Exercise goal.
Below, locate the line that contains "Close-up of a". Repeat exactly from that line to the line that contains "kitchen featuring dark", inclusive, leaving out the pictures.

Data under study.
================================

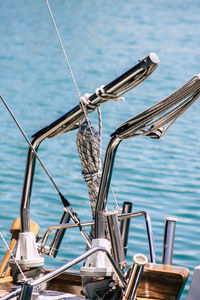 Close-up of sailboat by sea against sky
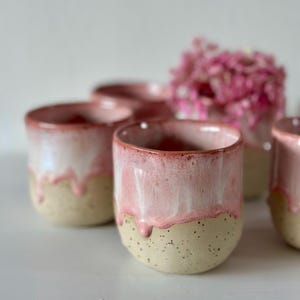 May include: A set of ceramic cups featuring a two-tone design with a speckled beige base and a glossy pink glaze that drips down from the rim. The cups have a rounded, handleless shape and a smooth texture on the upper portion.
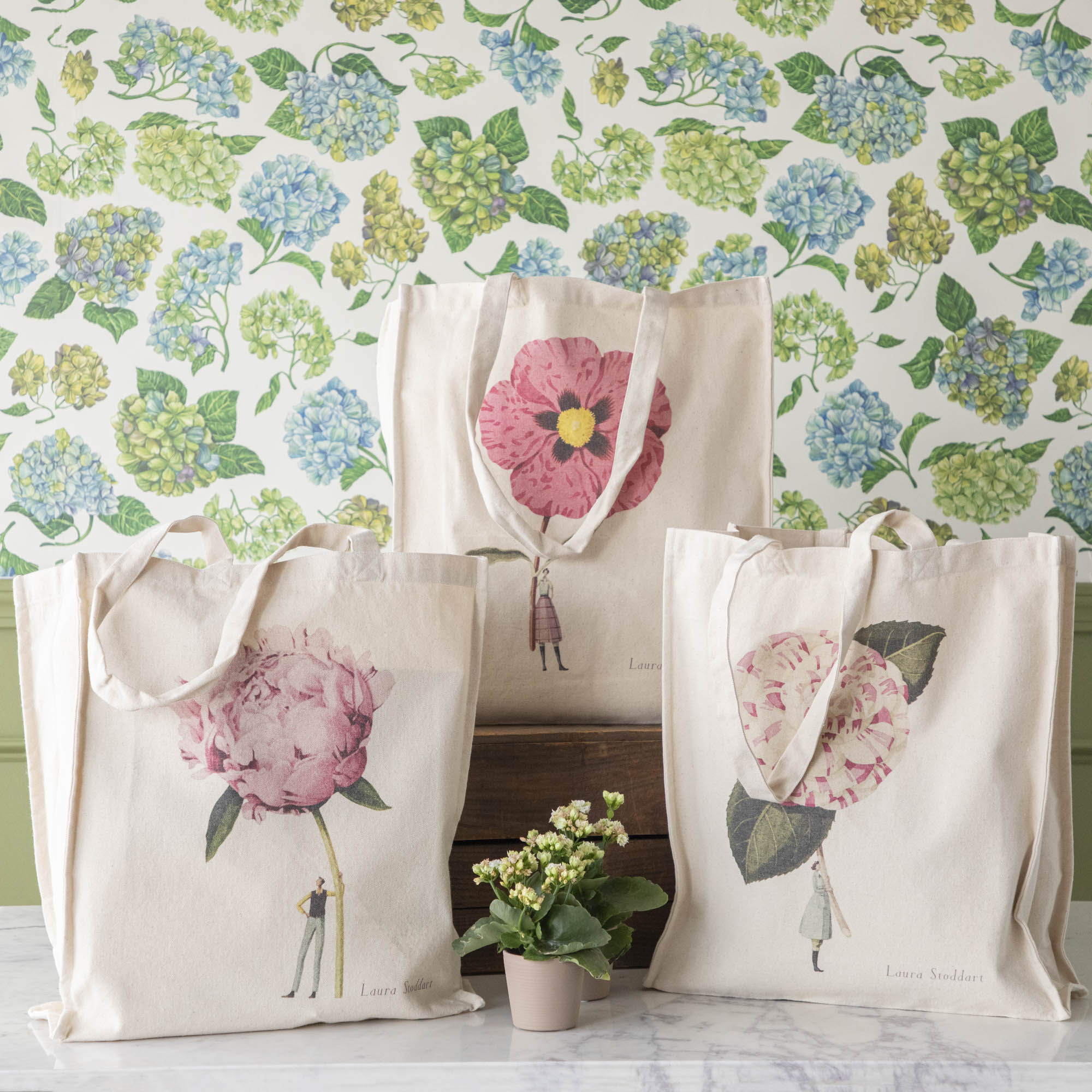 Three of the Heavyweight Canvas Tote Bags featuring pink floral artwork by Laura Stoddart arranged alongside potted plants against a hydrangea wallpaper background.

================================

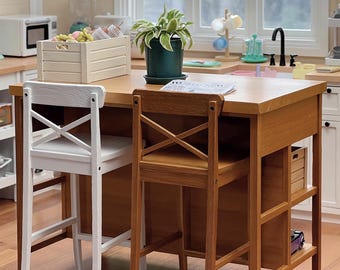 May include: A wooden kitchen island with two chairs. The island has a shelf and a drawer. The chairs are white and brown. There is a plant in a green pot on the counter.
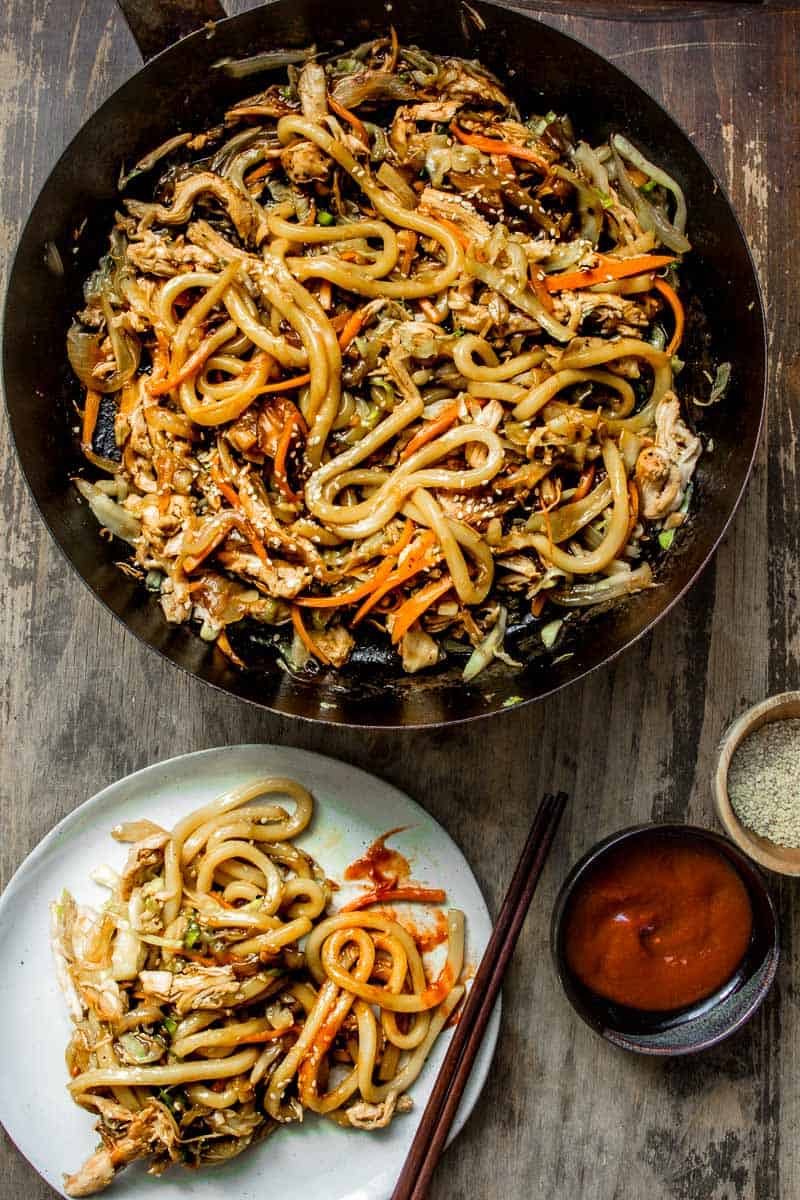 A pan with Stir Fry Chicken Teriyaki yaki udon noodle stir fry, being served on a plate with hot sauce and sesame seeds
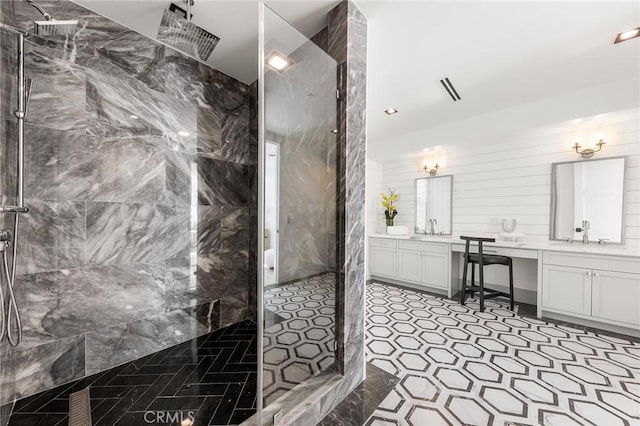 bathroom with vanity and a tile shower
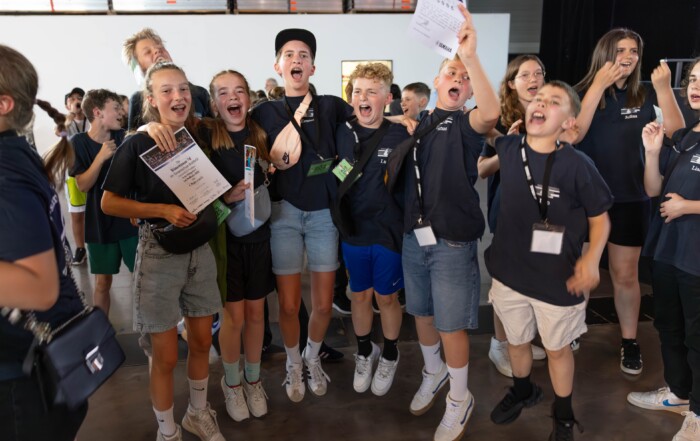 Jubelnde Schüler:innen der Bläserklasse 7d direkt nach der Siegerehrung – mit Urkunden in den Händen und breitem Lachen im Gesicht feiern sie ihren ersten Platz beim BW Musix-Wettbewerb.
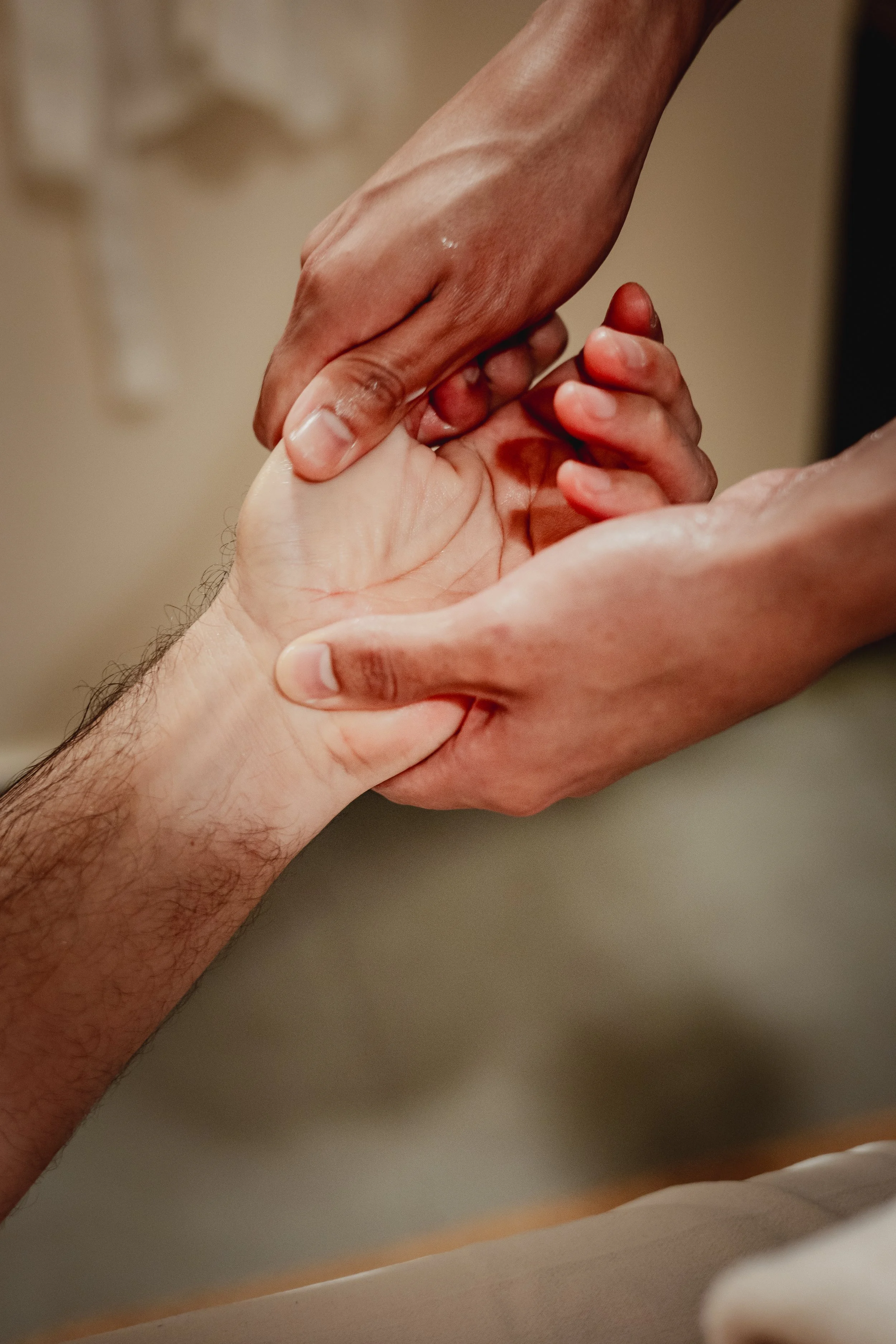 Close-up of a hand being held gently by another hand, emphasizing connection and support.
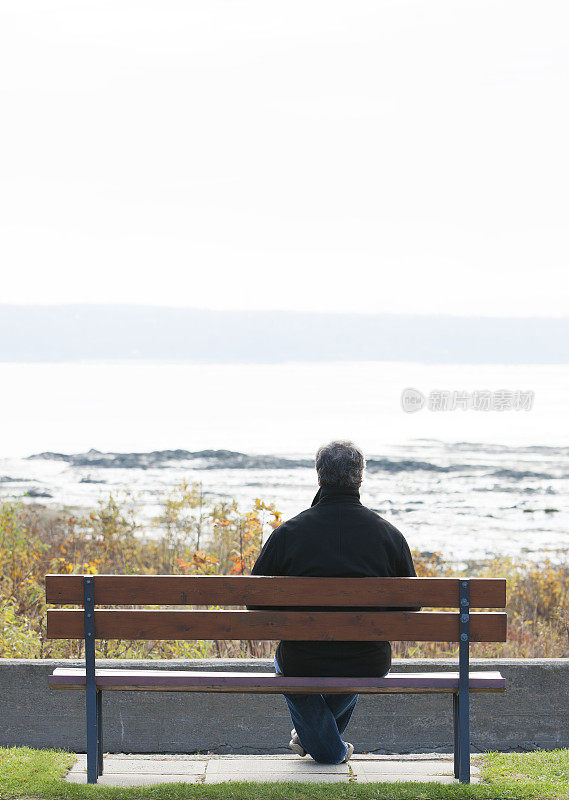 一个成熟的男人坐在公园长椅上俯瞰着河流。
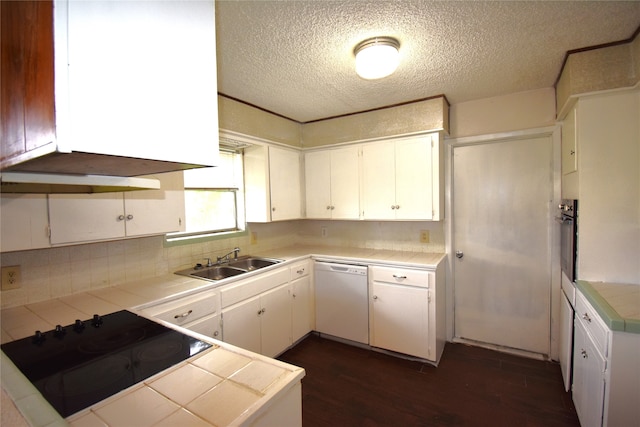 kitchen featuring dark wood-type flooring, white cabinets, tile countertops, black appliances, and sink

================================

Finished exercise.
 Close-up of a hand being held gently by another hand, emphasizing connection and support.
 一个成熟的男人坐在公园长椅上俯瞰着河流。
 kitchen featuring dark wood-type flooring, white cabinets, tile countertops, black appliances, and sink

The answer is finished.